State Key Laboratory of Protein and Plant Gene Research, College of Life Sciences, Peking University, Beijing 100871, China.
J Integr Plant Biol. 2013 Jul;55(7):576-85. doi: 10.1111/jipb.12066.
We assembled a total of 297,239 Gossypium hirsutum (Gh, a tetraploid cotton, AADD) expressed sequence tag (EST) sequences that were available in the National Center for Biotechnology Information database, with reference to the recently published G. raimondii (Gr, a diploid cotton, DD) genome, and obtained 49,125 UniGenes. The average lengths of the UniGenes were increased from 804 and 791 bp in two previous EST assemblies to 1,019 bp in the current analysis. The number of putative cotton UniGenes with lengths of 3 kb or more increased from 25 or 34 to 1,223. As a result, thousands of originally independent G. hirsutum ESTs were aligned to produce large contigs encoding transcripts with very long open reading frames, indicating that the G. raimondii genome sequence provided remarkable advantages to assemble the tetraploid cotton transcriptome. Significant different distribution patterns within several GO terms, including transcription factor activity, were observed between D- and A-derived assemblies. Transcriptome analysis showed that, in a tetraploid cotton cell, 29,547 UniGenes were possibly derived from the D subgenome while another 19,578 may come from the A subgenome. Finally, some of the in silico data were confirmed by reverse transcription polymerase chain reaction experiments to show the changes in transcript levels for several gene families known to play key role in cotton fiber development. We believe that our work provides a useful platform for functional and evolutionary genomic studies in cotton.
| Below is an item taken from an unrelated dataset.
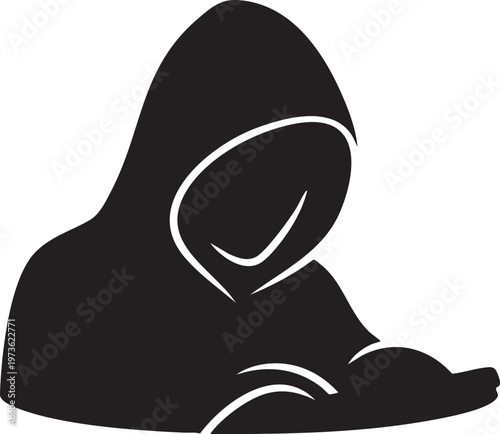 Hooded figure, black silhouette, white outline, anonymous person, vector icon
我们共组装了 297239 条可在国家生物技术信息中心数据库中获得的陆地棉(Gh,四倍体棉花,AADD)表达序列标签(EST)序列,参考最近发表的雷蒙德氏棉(Gr,二倍体棉花,DD)基因组,得到了 49125 条 UniGene。UniGene 的平均长度从之前两个 EST 组装的 804 和 791bp 增加到当前分析的 1019bp。长度为 3kb 或更长的假定棉花 UniGene 的数量从 25 或 34 增加到 1223。结果,数千个原本独立的陆地棉 EST 被排列在一起,生成了编码具有非常长开放阅读框的转录本的大片段,这表明雷蒙德氏棉基因组序列为组装四倍体棉花转录组提供了显著优势。在几个 GO 术语中观察到 D-和 A-衍生组装之间的显著不同分布模式,包括转录因子活性。转录组分析表明,在四倍体棉花细胞中,29547 个 UniGene 可能来自 D 亚基因组,而另 19578 个可能来自 A 亚基因组。最后,通过反转录聚合酶链反应实验证实了一些计算机数据,以显示在几个已知在棉花纤维发育中起关键作用的基因家族中转录水平的变化。我们相信我们的工作为棉花的功能和进化基因组研究提供了一个有用的平台。